*** Task input ***
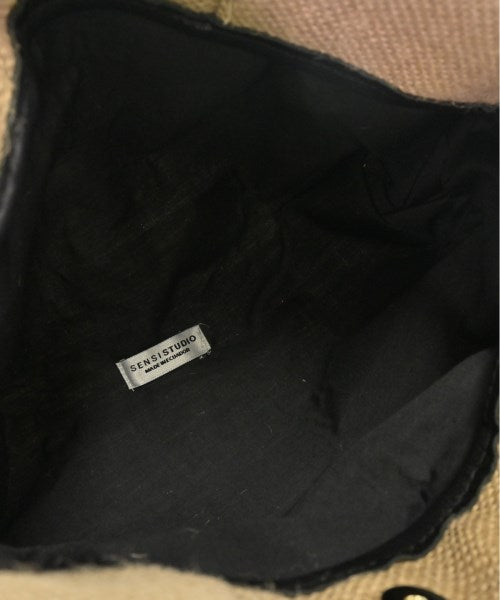 SENSI STUDIO คลัตช์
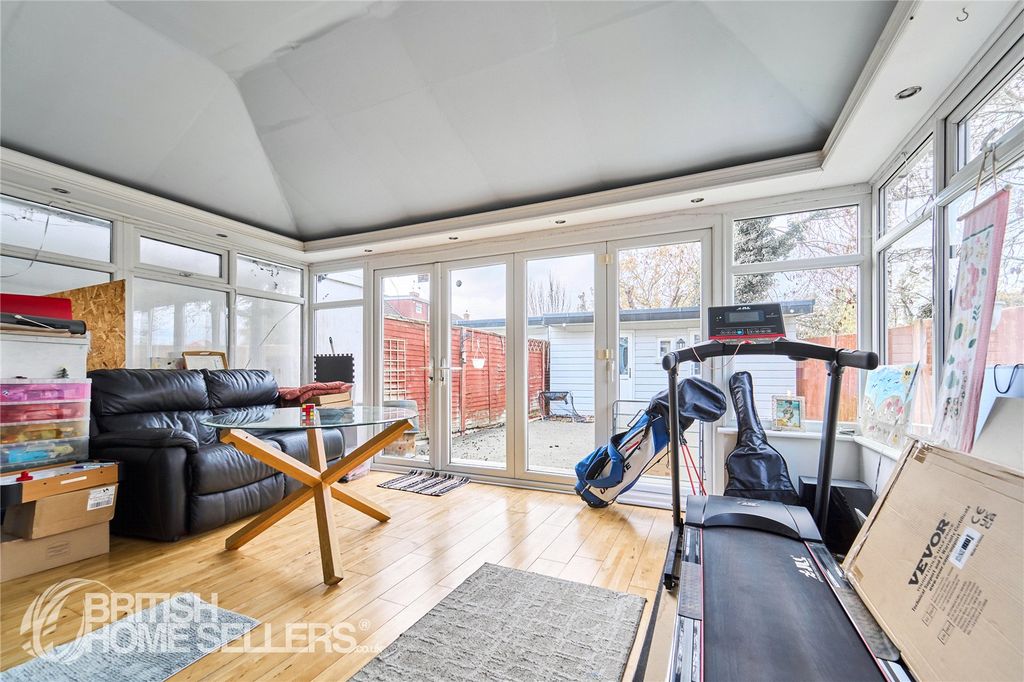 Property photo 2 of 32 Picture No. 13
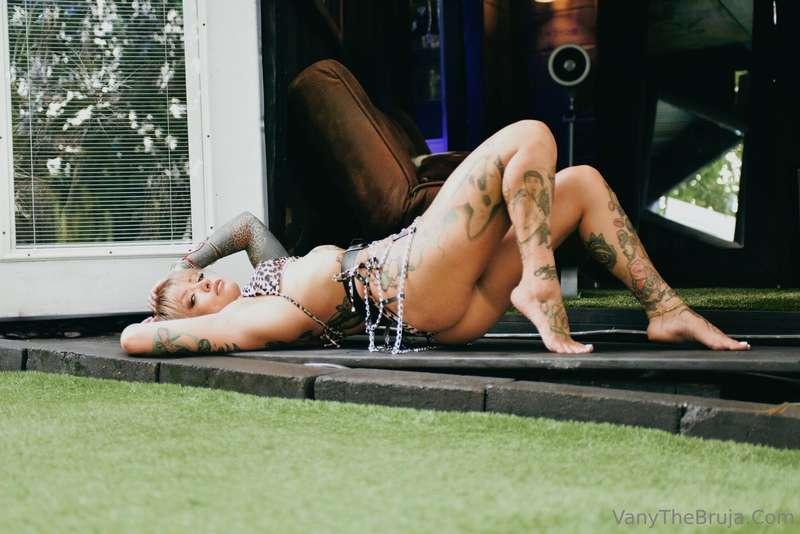 Do you want me to make you an exxxclusive video? DM ME🔥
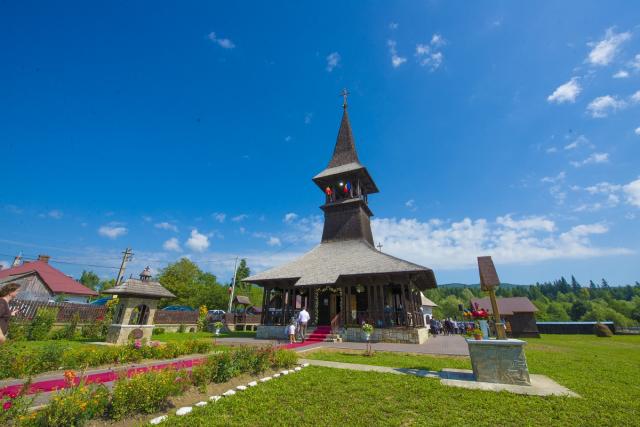 Momente istorice în satul Mănăstirea Neamț: prima Liturghie săvârșită de un arhiereu, în contextul aniversării a 200 de ani de la minunea Icoanei Maicii Domnului Îndrumătoarea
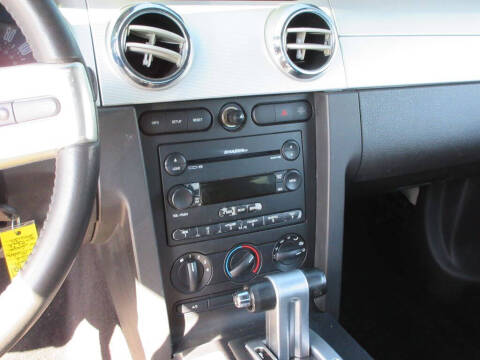 2005 Ford Mustang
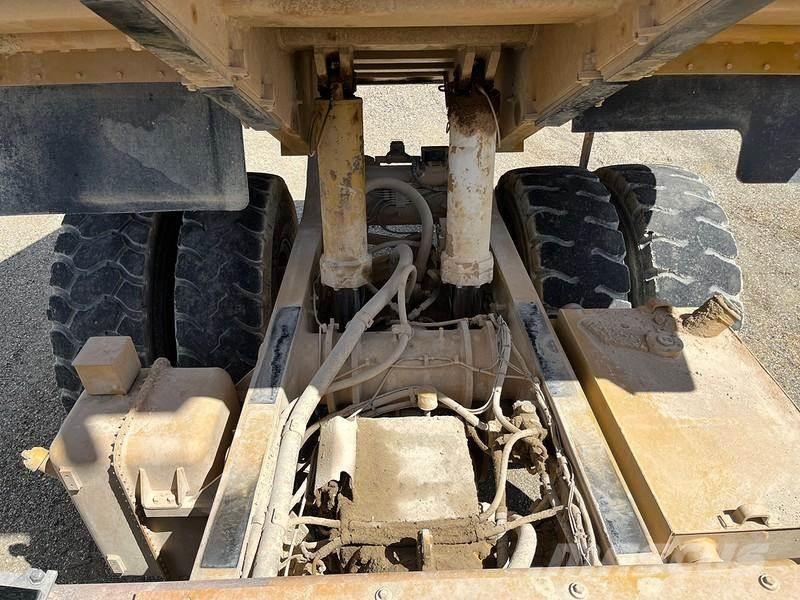 CAT 771D Gruvtruck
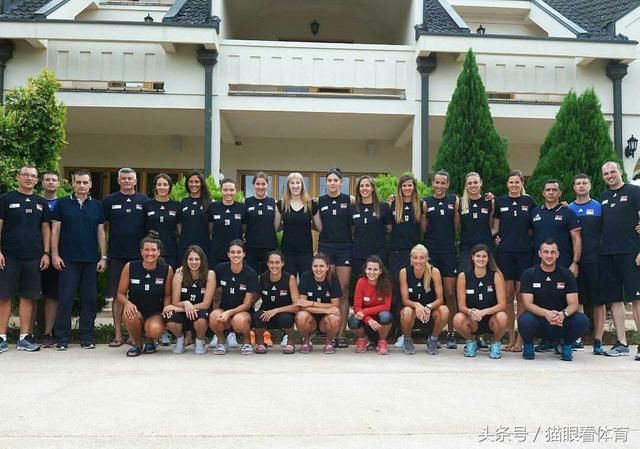 亚女排公布集训照,博斯科维奇占据C位,苦瓜姐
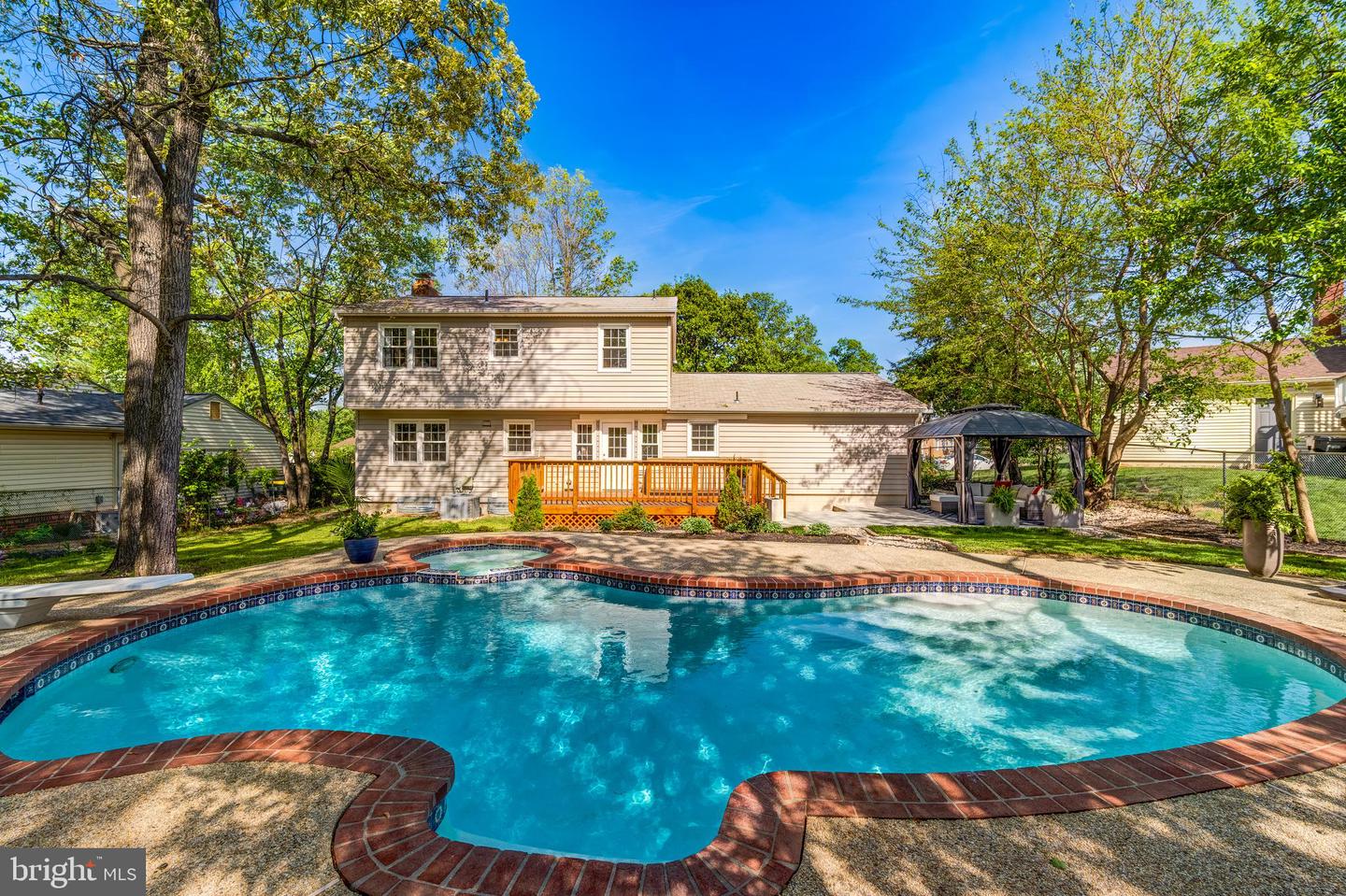7752 LOWMOOR RD, SPRINGFIELD, Virginia 22153, 4 Bedrooms Bedrooms, ,3 BathroomsBathrooms,Residential,For sale,7752 LOWMOOR RD,VAFX2233042 MLS # VAFX2233042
*** End of Task input ***
[What this task involves]
Once the line containing "CAT 771D Gruvtruck" has been found, write out exactly that line and each one after it through the end of the data, leaving out every picture.

[Response]
 CAT 771D Gruvtruck
 亚女排公布集训照,博斯科维奇占据C位,苦瓜姐
7752 LOWMOOR RD, SPRINGFIELD, Virginia 22153, 4 Bedrooms Bedrooms, ,3 BathroomsBathrooms,Residential,For sale,7752 LOWMOOR RD,VAFX2233042 MLS # VAFX2233042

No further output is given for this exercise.